LeetCode — Smallest Range II
Problem Link: https://leetcode.com/problems/smallest-range-ii/
Problem Description: Given an array A of integers, for each integer A[i] we need to choose either x = -K or x = K, and add x to A[i] (only once). After this process, we have some array B.Return the smallest possible difference between the maximum value of B and the minimum value of B.
Constraints:
1 <= A.length <= 100000 <= A[i] <= 100000 <= K <= 10000
Approach Used: Sorting, Arrays
Explanation: Since we have to find the minimum difference between the minimum and maximum element, we need to maximize the minimum element (or add k) and minimize the maximum element(or subtract k). The maximum and minimum can check after adding k or -k to them so we cannot simply take the largest and smallest element from the array and calculate the answer (although that’ll be the base case). We will have to compare all the adjacent pairs.
Code: (Java)
public int smallestRangeII(int[] A, int K) {
//sort the array
Arrays.sort(A);
//maximum element of array
int max = A[A.length-1];
//minimum element of array
int min = A[0];
//intial value of result (always bigger than other answers)

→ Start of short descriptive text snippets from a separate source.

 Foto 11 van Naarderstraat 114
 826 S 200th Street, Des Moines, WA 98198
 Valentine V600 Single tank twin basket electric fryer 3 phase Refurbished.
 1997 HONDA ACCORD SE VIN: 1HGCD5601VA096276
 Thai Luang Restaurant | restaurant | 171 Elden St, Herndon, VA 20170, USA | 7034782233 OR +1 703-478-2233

int result = A[A.length-1]-A[0];
//base case will be max-min-2k (right-left)
int right = max-K;
int left = min+K;
for(int i=0; i<A.length-1; i++){
//find maximum element after adding k till ith index
max = Math.max(right, A[i]+K);
//find minimum element after substracting k till ith index
min = Math.min(left, A[i+1]-K);
//result till ith index will be minimum of existing result and new difference calculated
result = Math.min(result, max-min);
}
return result;
}Complexity:
Space Complexity: O(1). Constant space used for the variable result.
Time Complexity: O(n*logn). “nlogn ” time required to sort the array in the most efficient way. Linear time to traverse the array and find the pair.